Monday, February 16, 2009

GNB Update

Here's an abbreviated President's Day edition of Georgia news...

A pioneer of the civil rights movement remembers her witness to more recent history. Albany's Rutha Mae Harris is featured in a recent New York Times article on Barack Obama becoming the nation's first African-American history. She mentions her participation in mass meetings at Mount Zion Baptist Church in 1961. That was the year Obama was born. Harris's words are part of a new book released by the New York Times, titled Obama: The Historic Journey.

The producers of the hit movie Fireproof are at it again. Only this time they're keeping it a secret.
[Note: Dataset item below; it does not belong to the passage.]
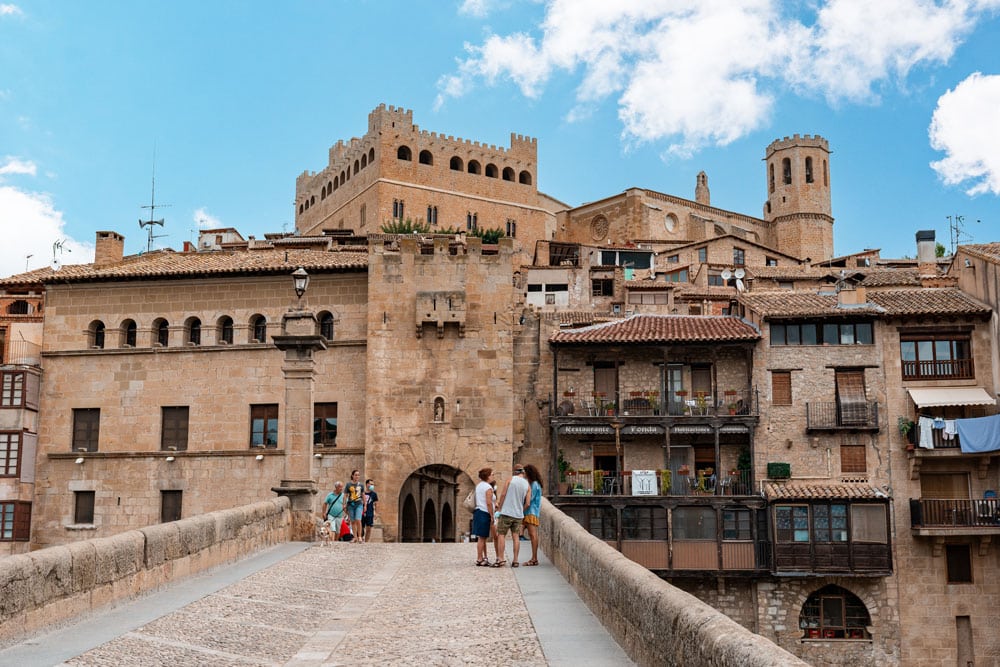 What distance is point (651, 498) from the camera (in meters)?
37.7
Alex Kendrick, who was the director of Fireproof and Facing The Giants, says he and his team at Sherwood Baptist Church in Albany believe they know what the next plot will be for their next movie. He tells Church Executive magazine that the target budget for that yet to be named film runs around $2.5 million. Although Fireproof cost $500,000 to make, it grossed more than $33 million at the box office.

And say goodbye to analog television. At least that's what Georgia Public Broadcasting is doing, as it prepares to switch all nine of its TV stations to digital channels late Tuesday night. Although the deadline to switch to digital broadcasts is now June 12th instead of Tuesday, GPB is ending its analog broadcasts as originally scheduled due to aging equipment and cost considerations.